- VoiceXML Enables Telephony Applications
- SALT Enables Telephony and Multimodal Applications
- Two Approaches: Which Is Best?
Two Approaches: Which Is Best?
It depends...
Programmers endlessly debate the advantages and disadvantages of declarative and procedural languages. But the key fact is that programmers now have a choice. They may choose between the declarative or procedural approaches based on the needs of the application, as well as the developer's skill set.
For traditional telephony applications, VoiceXML enables developers to create system-directed dialogs, in which the application prompts the caller to say requested parameter values. This style of interface is well-suited for telephone callers, who have no visual screen from which to select options. By using some clever programming techniques, system-directed dialogs can also be used as mixed-initiative dialogs, in which the user can deviate from the system-directed imposed dialog structure. There are a variety of VoiceXML tools available, including GUI tools that generate VoiceXML code, VoiceXML editors, debuggers, and test result generators. There is a well-established infrastructure for hosting and deploying VoiceXML applications.
For complex telephony applications, developers may find it necessary to override the Forms Interpretation Algorithm. In these situations, it may be better for developers to not use the standard Forms Interpretation Algorithm, and write their own control and synchronization code. Until the VoiceXML language provides a programming interface, developers should use SALT tags embedded into a host language. A future version of VoiceXML 2.0 may have a programming interface, perhaps one that resembles the SALT tags.
SALT really shines when developers need to voice-enable GUI applications. Developers specify the graphical user interfaces using a host language such as HTML or XHTML, and add SALT tags to enable the application to speak and listen to the user.
CAUTION
Simply adding voice to an existing Web application may not improve the user interface. However, multimodal user interfaces may add value to new applicationsespecially applications involving handhelds, cell phones, and other portable devices. (See article 4 in this series, Should You Build a Multimodal Interface for Your Web Site?, which presents suggestions for when to add new input modes to an application.)
SALT will be especially useful when developing point and speak applications. These applications are ideal for small devices that do not have a QWERTY keyboard for alphabetic data entry. The caller points to a labeled slot on the screen, and speaks the word or phrase, which is converted into text and placed into the correct slot. These applications can be downloaded into a PDA or executed on a server wirelessly connected to a cell phone with a screen and stylus.

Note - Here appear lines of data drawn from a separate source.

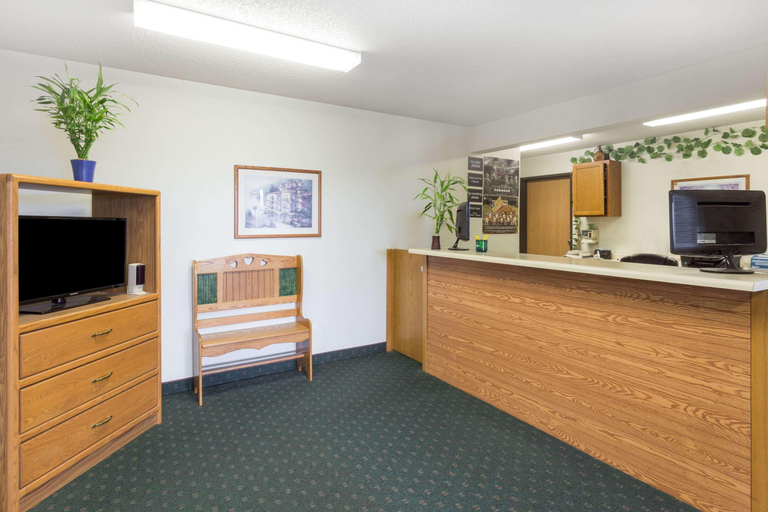 Public Area, Budget Inn and Suites, Clinton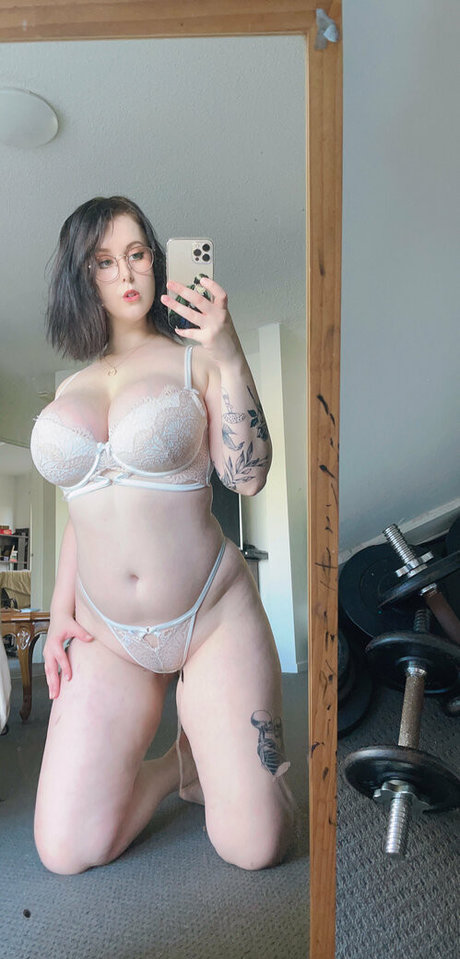 sesameoil exclusive actress images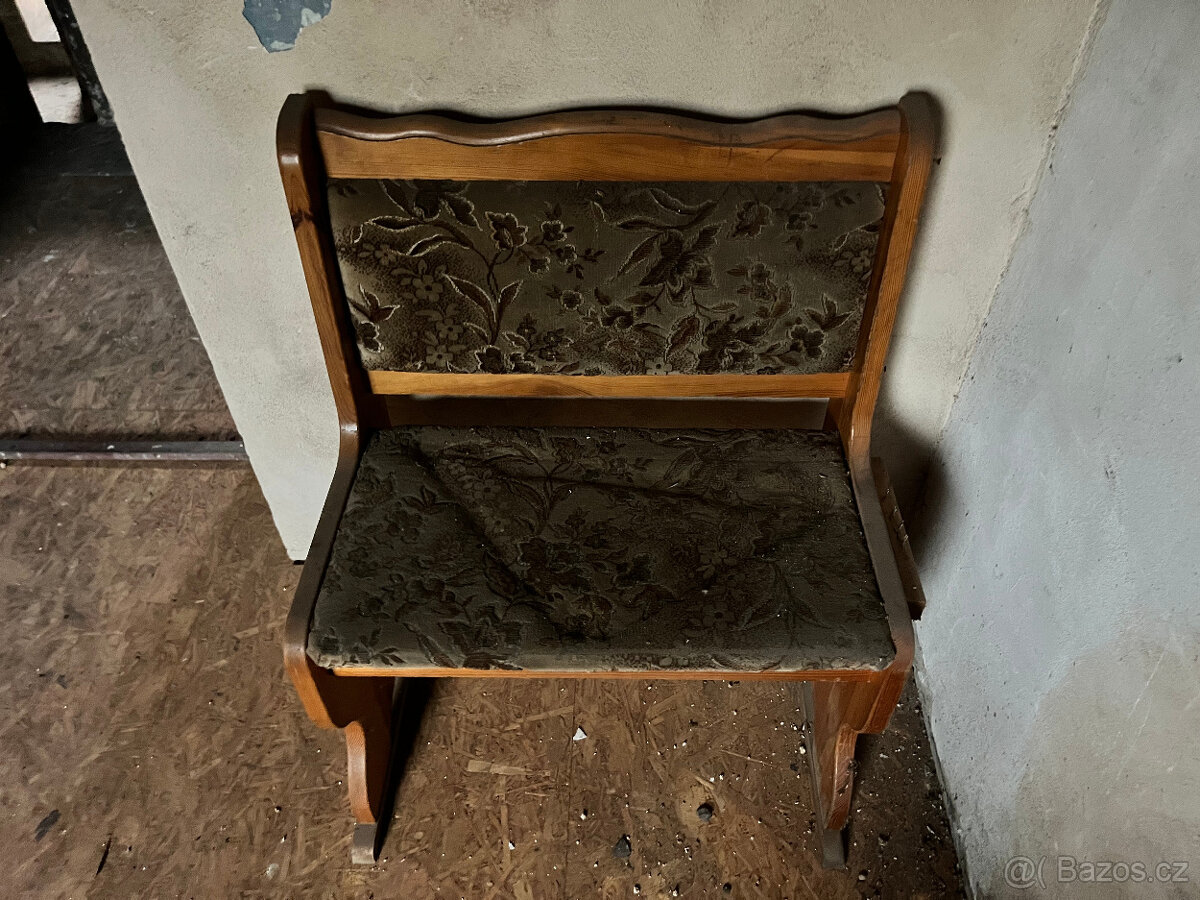 Rohová lavice + dvě židle k renovaci - 5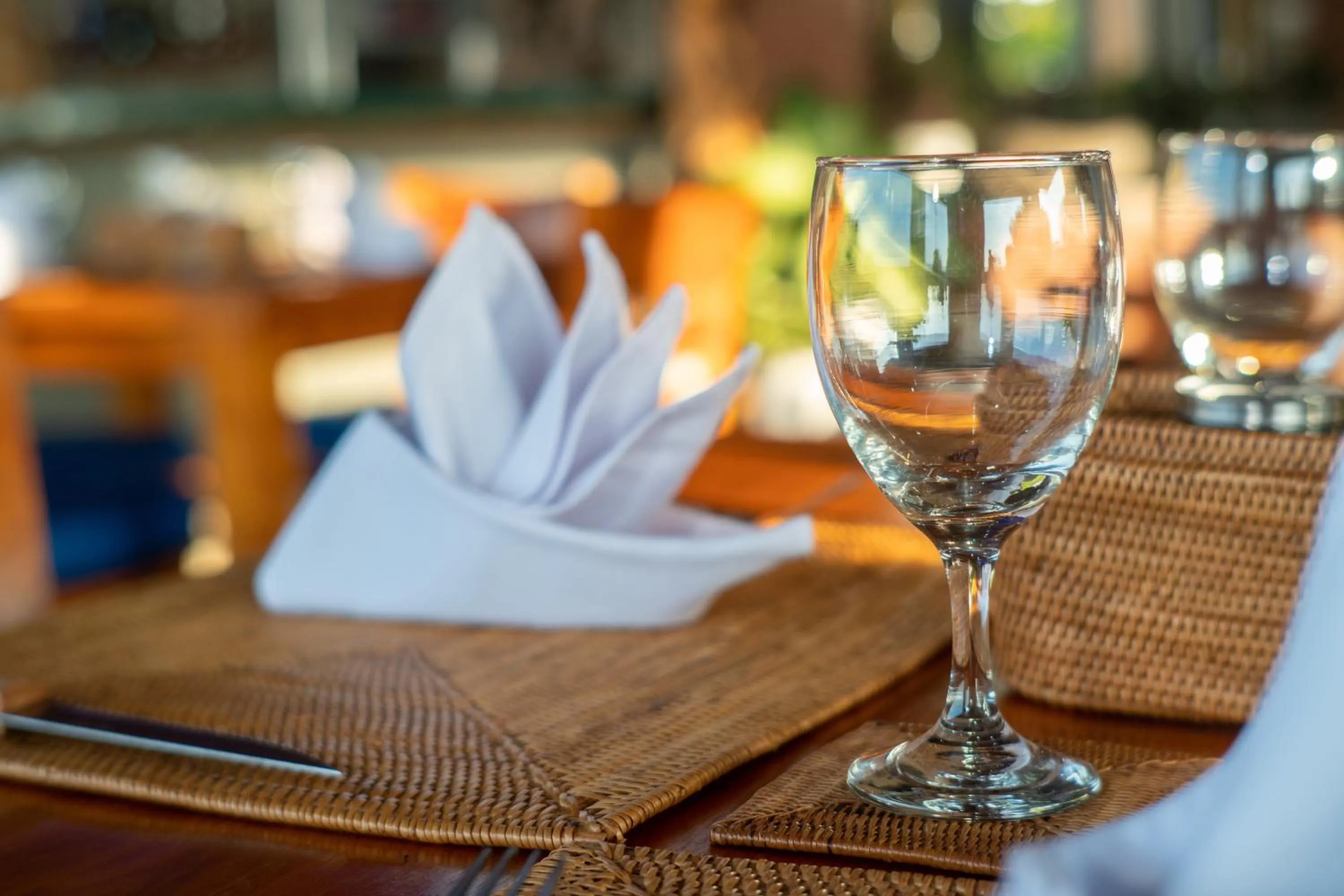 Restaurant/places to eat in Villa Selonding Batu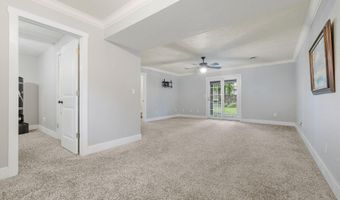 1019 Daniels St, Aurora, MO 65605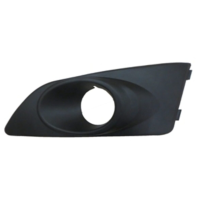 Решітка бампера ліва Chevrolet Aveo T300 12-16 з отв. (FPS) 95930563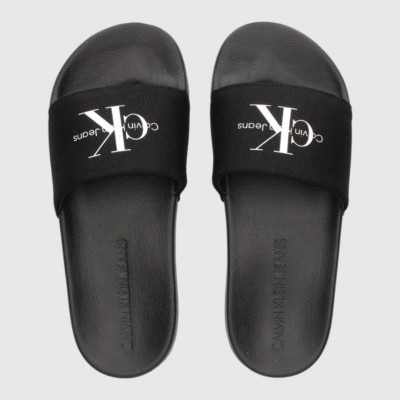 Chanclas Calvin Klein... 2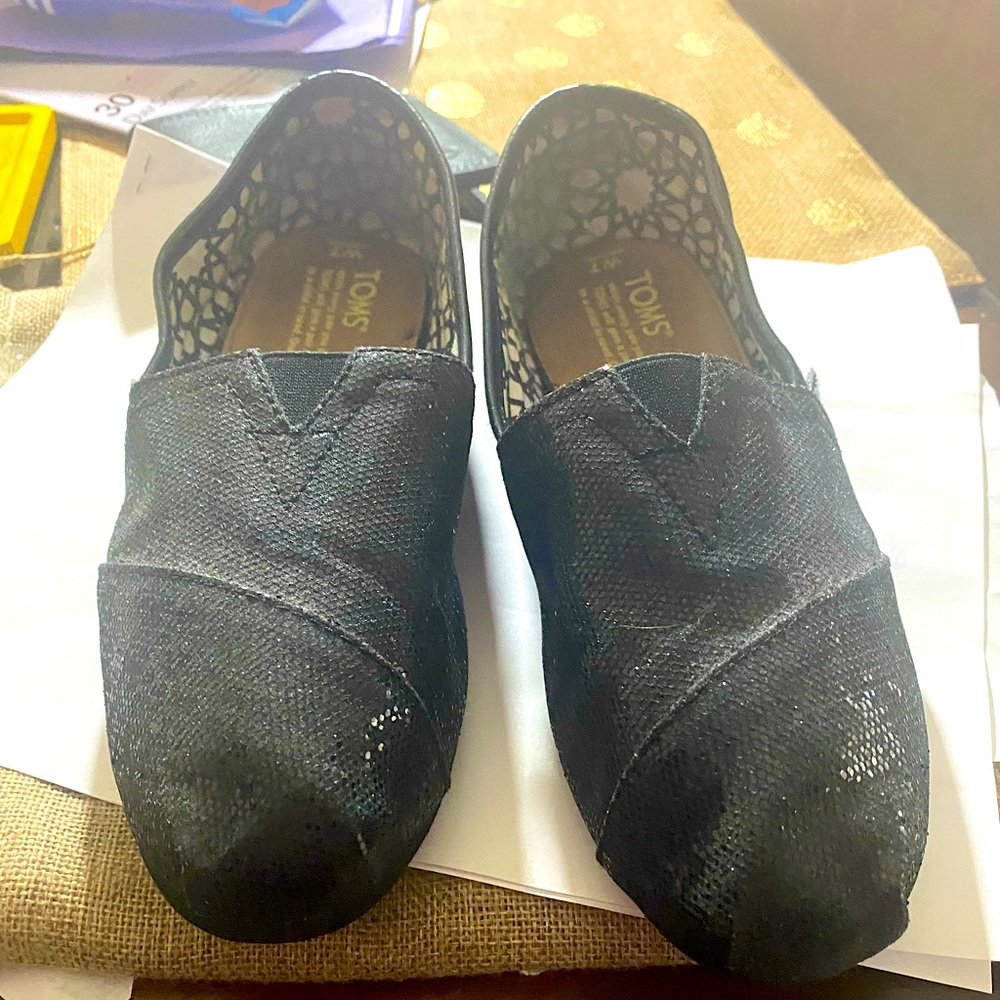 TOMS - Picture 2 of 8
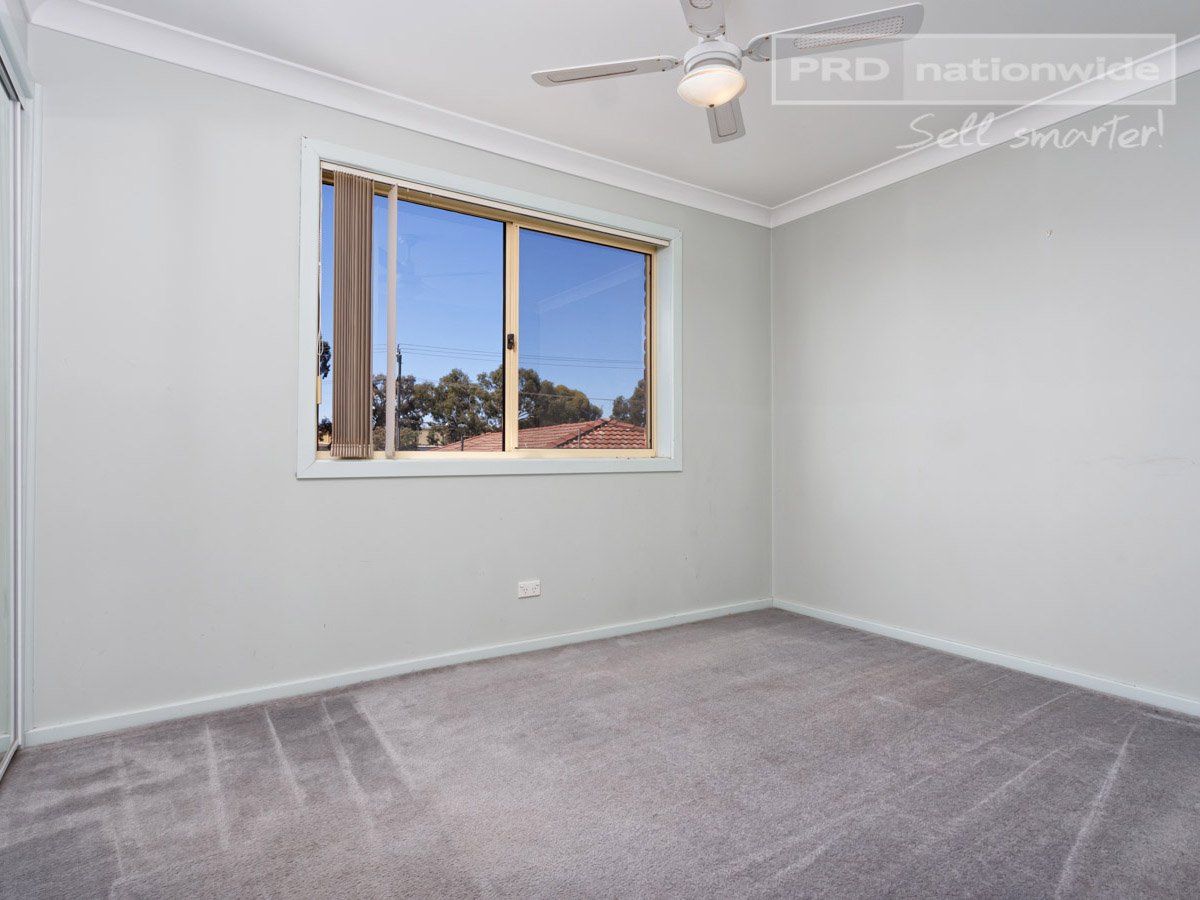 4/14 Wewak Street ASHMONT 6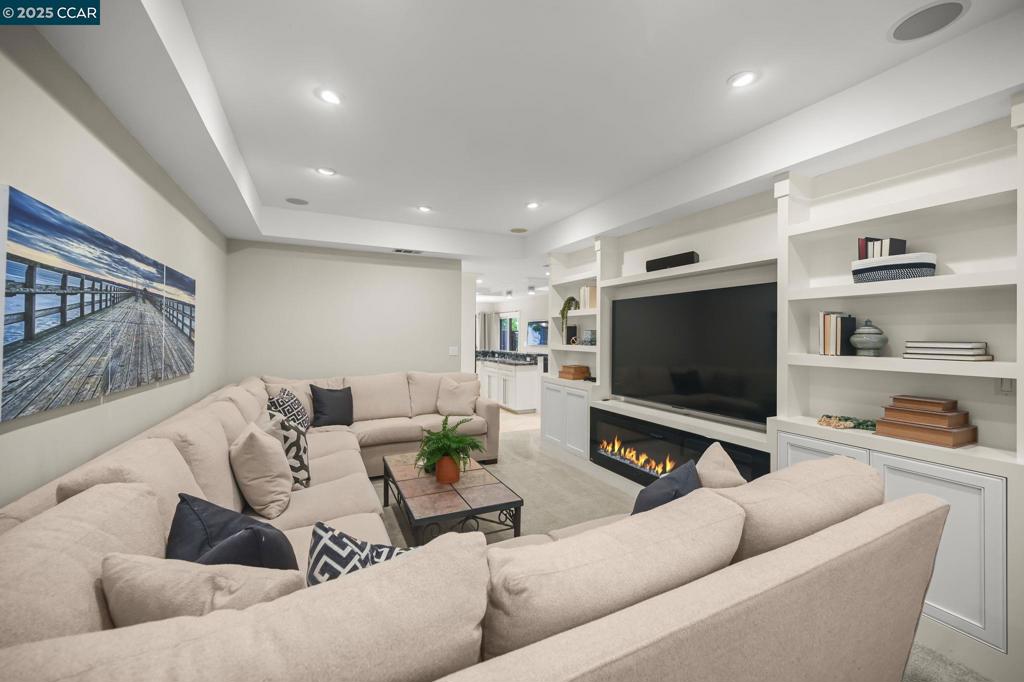 CHANTECLAIR - Residential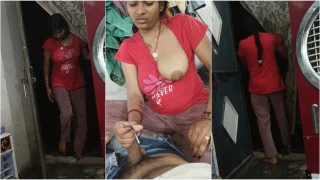 Girlfriend went to boyfriend’s room at night, got the cock water out of her hand and talked dirty about getting rid of her mom’s ass pussy Hindi Audio The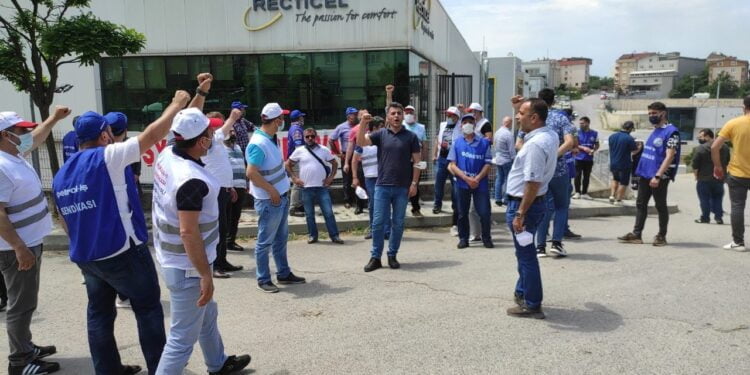 photo5904606337600435756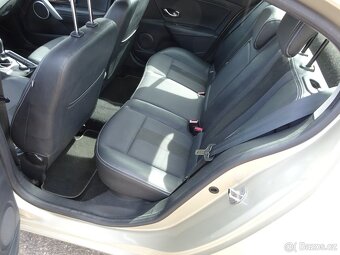 Renault Fluence 1.6i r.v.2010 (1.Majitel) DĚDICTVÍ - 15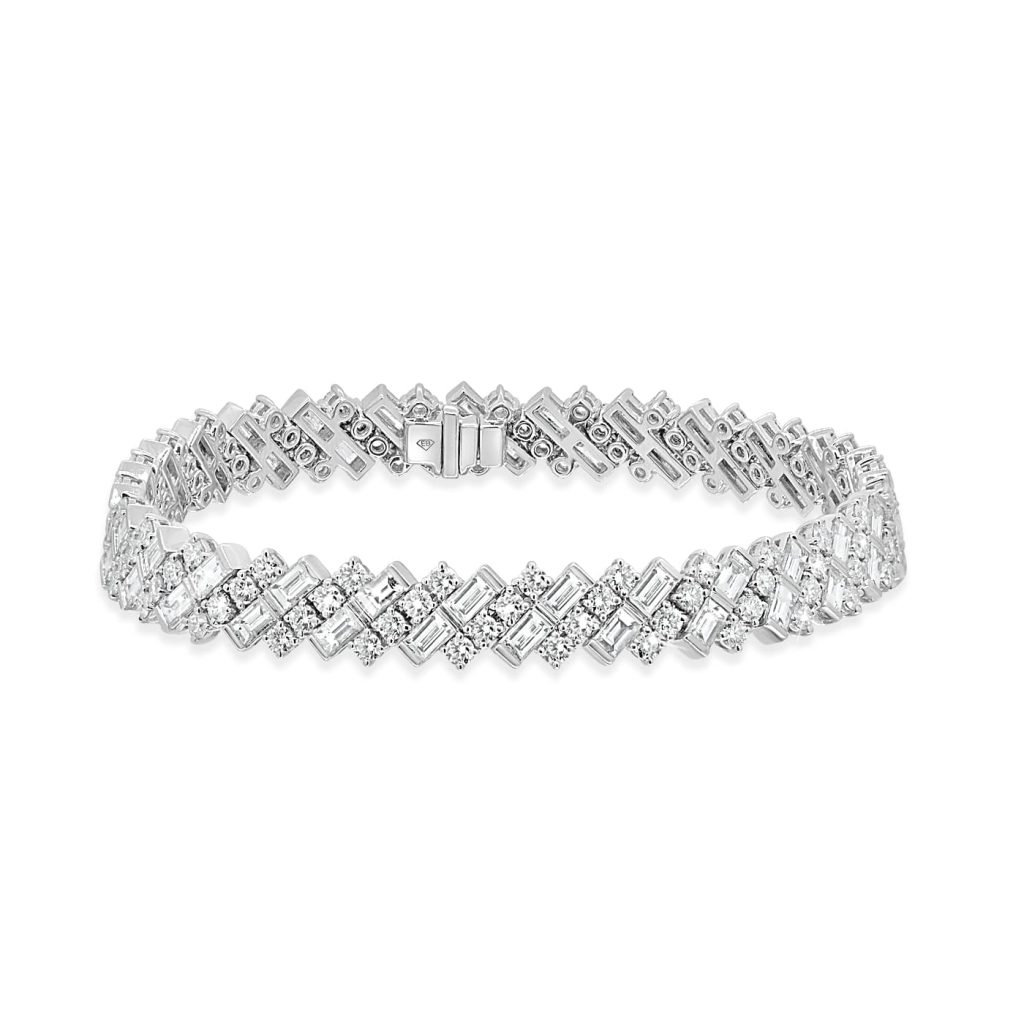 Baguette and round diamonds tennis bracalet
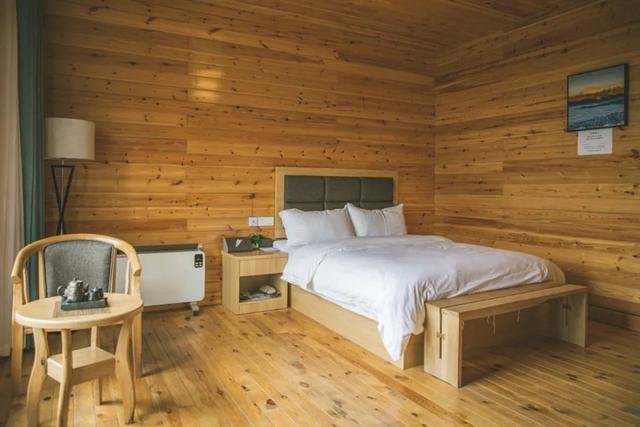 |别再喊热了!这个被央视疯狂点赞的避暑秘境,18℃!爆凉快!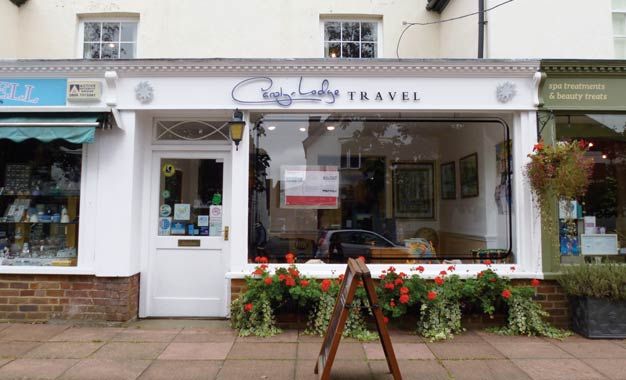 Retail premises to let in Kent House, 77 High Street, Cranleigh
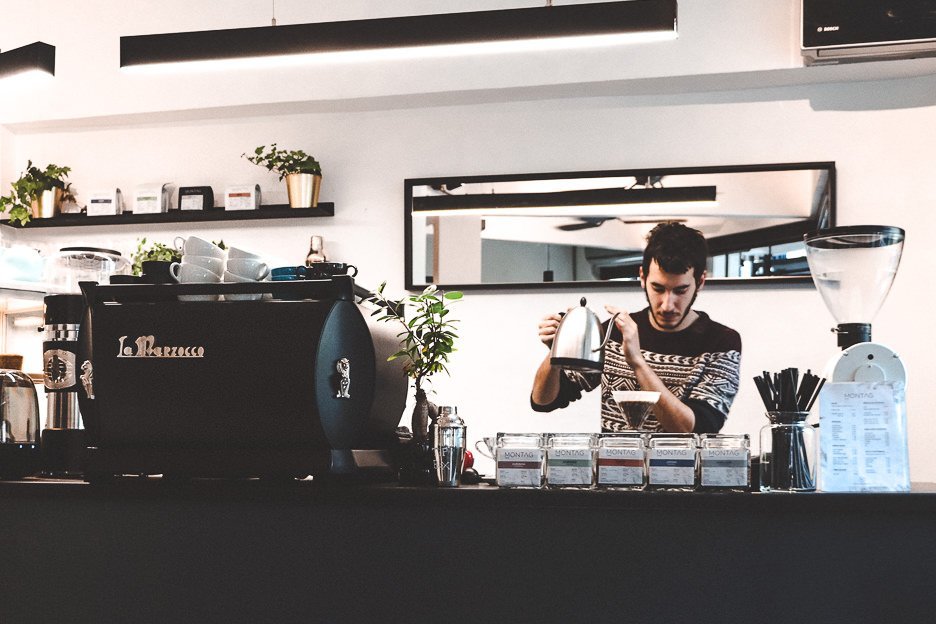 Montag Coffee Roasters, specialty coffee cafe in Istanbul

Will SALT replace VoiceXML? No. VoiceXML is a mature technology being standardized by the W3C. It is widely deployed and used by thousands of programmers. Almost every VoiceXML vendor has a collection of dialog modules or speech objects that enable programmers to reuse existing VoiceXML code for common tasks such as soliciting a date, credit card number, or dollar amount. VoiceXML is here to stay.
However, SALT will become the new hot technology for developing multimodal user interfaces, especially for devices that are so physically small that there is no room for a traditional keyboard. Developers will also insert SALT tags into a host programming language to develop complex telephony applications that go beyond today's typical "ask a question and listen for the user's response" cycle of dialog.